Some 60 million eligible Nigerian voters are expected to visit 120,000 polling centers to register as Nigeria begins the long-awaited voters registration exercise. Some question marks have been raised about the exercise.
The Independent National Electoral Commission has designated 120,000 polling units as registration points, but ordered only 33,000 electronic voting machines.
This means, several registration centers may not have the machines to register voters and have to wait for the voting to be completed in other areas before they can take their turn.
The electoral commission says the electronic registration of voters for the first time in Nigeria could be the solution to problems associated with voters registration in Nigeria, such as multiple registration.
Oye Bamiji of the electoral commission says Nigeria now stands a very good chance of compiling a more credible voters' register.
"The arrangement for now, is that we are using a different device which would check double registration," he said. "You can only register in a place and this machine we are using; it gives all the bio-data of an individual. So, it is not even convenient for an individual to go round and say he will register in another place.
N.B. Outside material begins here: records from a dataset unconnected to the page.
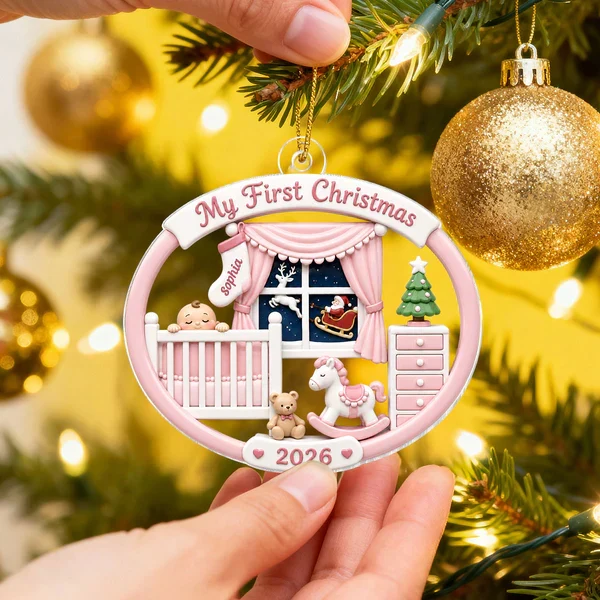 Personalized Acrylic Ornament, Baby's First Christmas Nursery Scene, Unique Gift for New Parents - Image 6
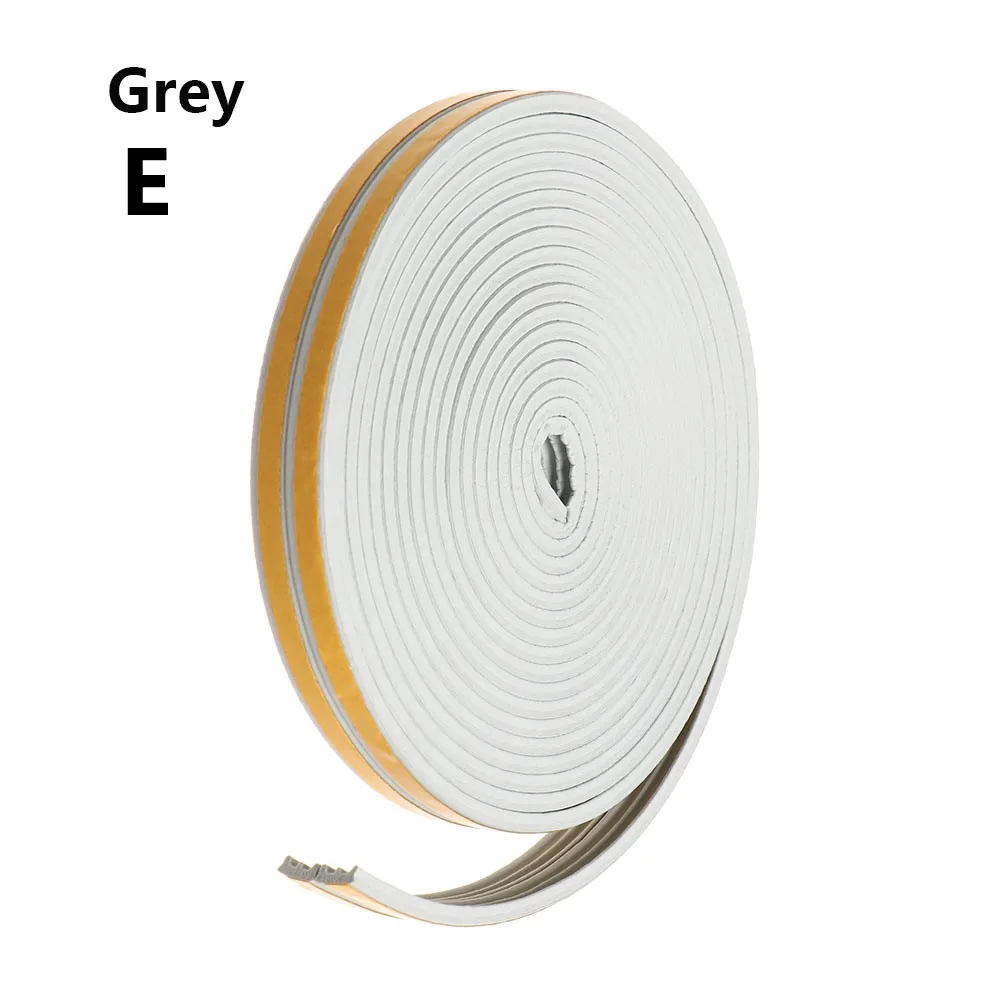 Grey-E Type 5/10M D/E/P/I Тип пены прогноз Excluder самоклеющиеся оконные и дверные профили этиленового пропилен-каучука прокладки окна аксессуары пыли уплотнительная лента - Цвет: Grey-E Type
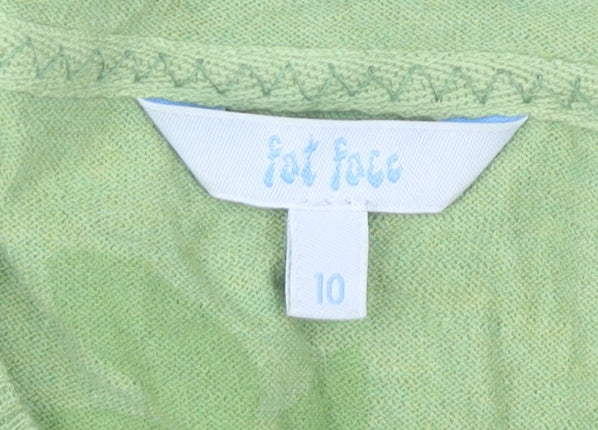 Womens UK Size 10 Fat Face Green Pullover Jumper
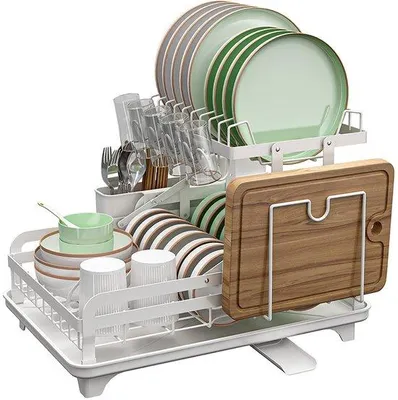 Image de Égouttoir de cuisine en acier inoxydable, à poser, à deux niveaux, blanc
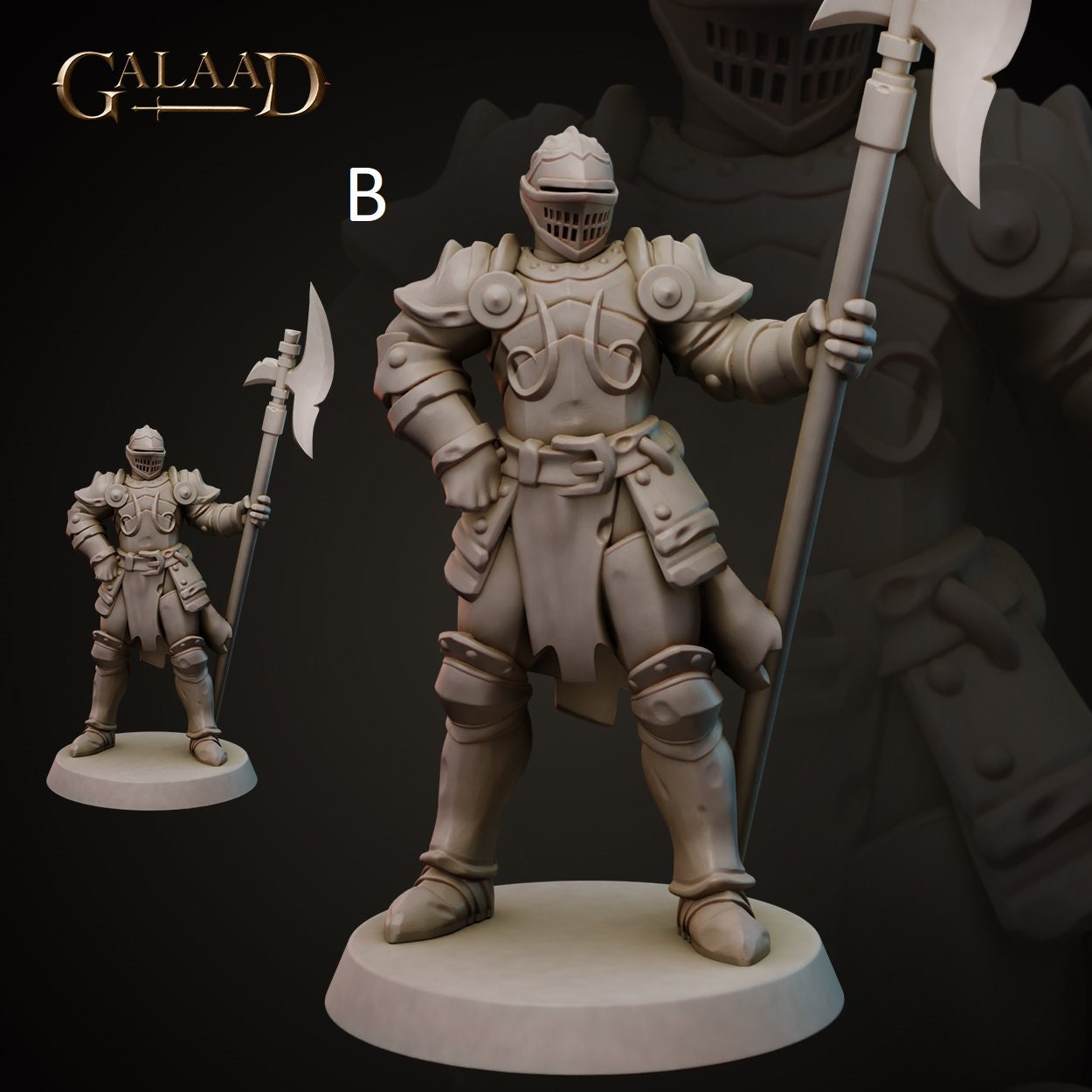 Spear/Halberd Knight | Human/Dragonborn | Galaad Miniatures | Compatible with D&D/AoS | Fantasy | Tabletop RPG
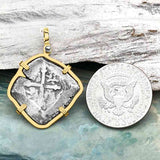 1715 Fleet Shipwreck Golden Age of Piracy Spanish 4 Reale Piece of 8 14K Gold Pendant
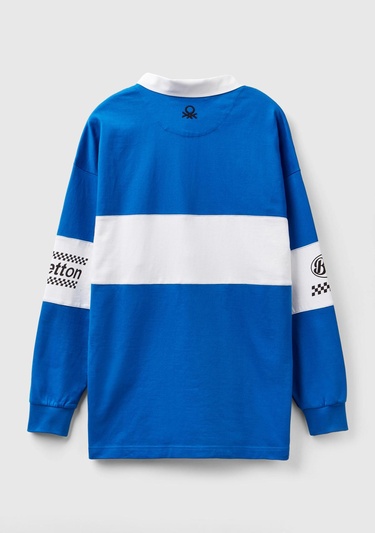  Unisex Saks Mavi %100 Pamuk Logo Baskılı Polo Yaka Sweatshirt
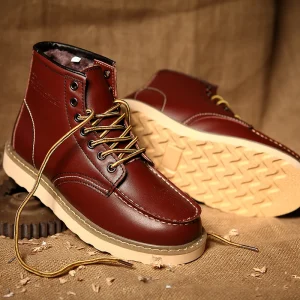 Men’s High Top Casual Work Boots British Trendy Cross Border Genuine Leather Large Size Winter Lace Up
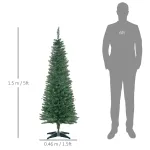 Albero di Natale Artificiale 150cm Alto e Stretto con Rami Realistici e Base in Plastica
The machine will capture the picture, capture the fingerprint and all other data needed, in terms of age, sex, address and occupation. So, we believe the arrangement is far better than the previous method. We have a machine for four units for a period of 14 days."
Many Nigerians have questioned the commission's ability to conduct free and fair elections. There is a lot of concern that voters registration is only now happening, less than six months to crucial election next April.
Abuja-based lawyer, Maxi Okwu, who is also national chairman of a coalition of 22 opposition parties known as the Patriotic Alliance, says the machines could malfunction and that could put the elections at risk.
"With this voter re-registration, it appears something is lurking," he said. "One is that the machines seem to be collapsing all over the place that is what I get in the media. They are not capturing the date as fast as they ought to, and the machines seem not to be coping with the pressure of work. I hope that they do everything possible to see that the machines are in place as promised. Because if that exercise fails, that is the end of the whole exercise, we can't have elections."
About 60 million voters were registered in the last exercise in 2002. The electoral commission had rejected eighth million applications because of double registration and other irregularities.
To be eligible to register, each potential voter must be a Nigerian and be at least 18 years of age.
The 2007 elections would be the first time an elected president hands over to another. Nigeria, Africa's most populous country, returned to civil democracy in May, 1999 after decades of military rule.